PSC is the lead federal agency responsible for disaster prevention and mitigation. In response to the increase in flood intensity and flood damage over the past number of years, PSC issued a public tender in August 2013 seeking to assess the current state of flood plain maps in Canada in order to help inform potential mitigation activities. In support of this objective, PSC requested three deliverables in its tender: 1) A report on international flood mapping practices in seven countries other than Canada and a recommended standard; 2) An assessment report on the current state of flood plain mapping in Canada; and, 3) A costing report on requirement to bring current Canadian flood plain maps up to a recommended standard.

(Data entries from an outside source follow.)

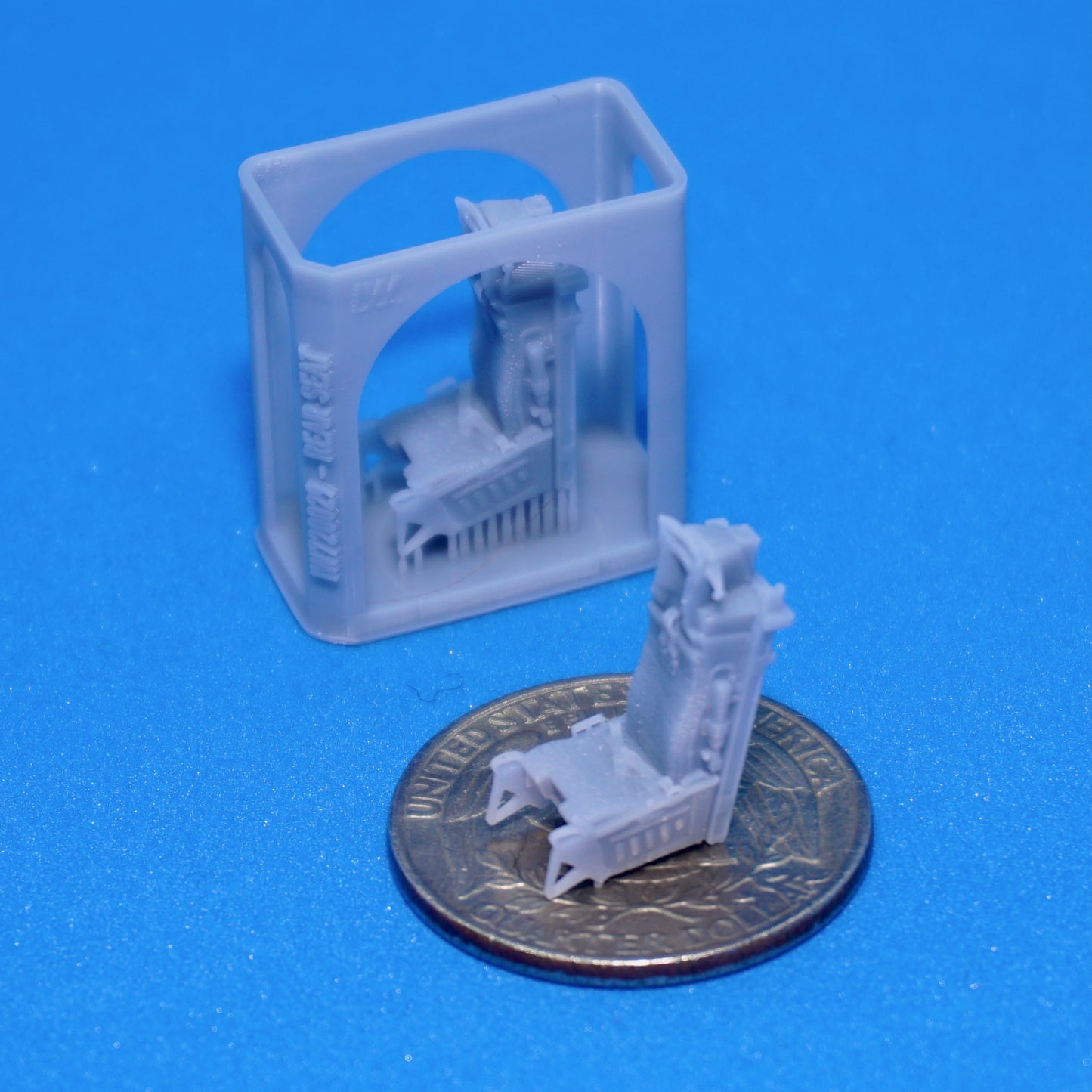 F-15E ACES II Ejection Seats (1/72)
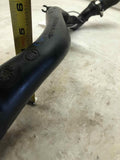 2012 BMW MINI COOPER CLUBMAN Wagon 1.6L 4 Cylinder Fuel Filler Neck Assembly G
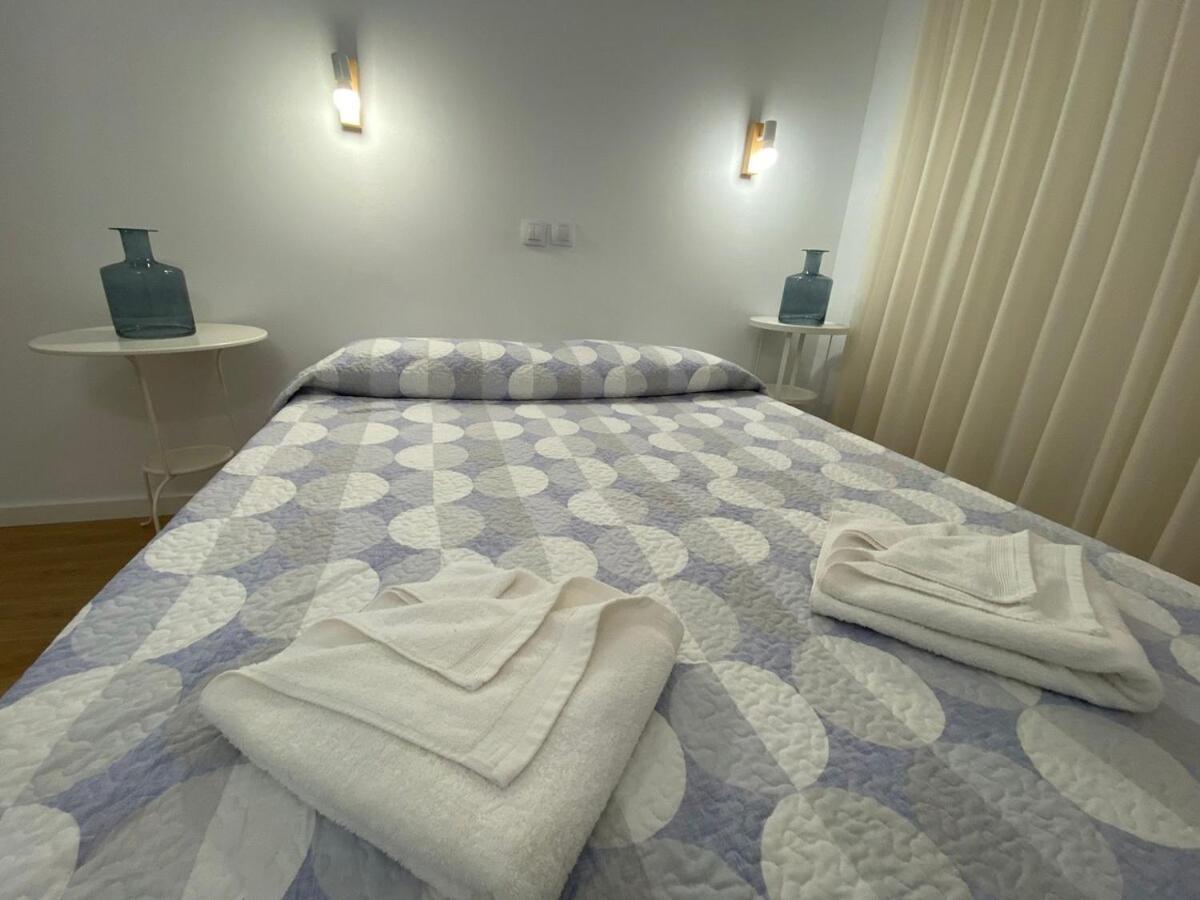 Beachfront Canteras *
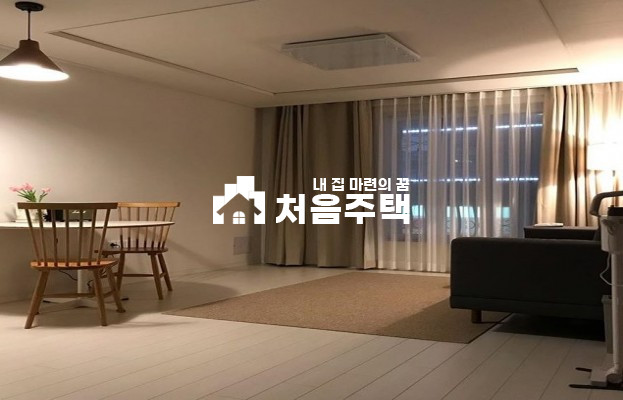 경기 부천오정구 고강동 고강동 가성비 좋은 3룸 분양 매물번호 10152 사진 2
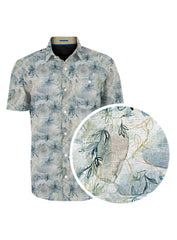 Point Zero Chemise Homme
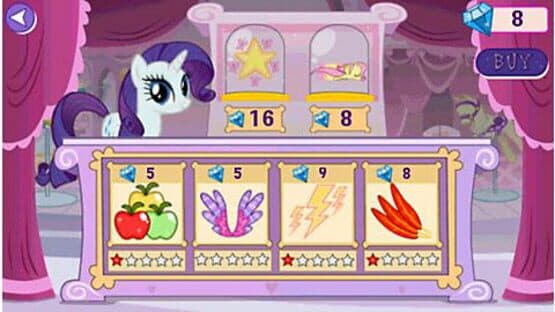 My Little Pony: Friendship is Magic screenshot 4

MMM Group was awarded the contract.
The October 10 presentation focused on the National Floodplain Management Framework including proposed mapping standards, anticipated implementation steps, and the scope and intent of a proposed national flood risk database.
The National Floodplain Management Framework produced by MMM identified:
• The type and extent of information that must be collected and managed;
• The key standards and guidelines that will apply to the development of flood hazard maps and a flood risk database.;
• The anticipated cost of updating and preparing new hazard maps, as required, and the compilation of data for the flood risk data base; and
• A list of initiatives to be completed as part of implementation.
The second half of the presentation focused on recent advancements in effectively defining urban overland flood risk. Urban overland flooding is caused by intense rainfall events in areas where there is insufficient storm sewer system capacity and poorly defined overland flow routes.
Currently, areas in Canada prone to urban flooding are not generally defined. Moreover, in areas that are known to be flood prone the risk is rarely quantified. By better defining areas at risk, municipalities can focus efforts in effective urban overland flood mitigation.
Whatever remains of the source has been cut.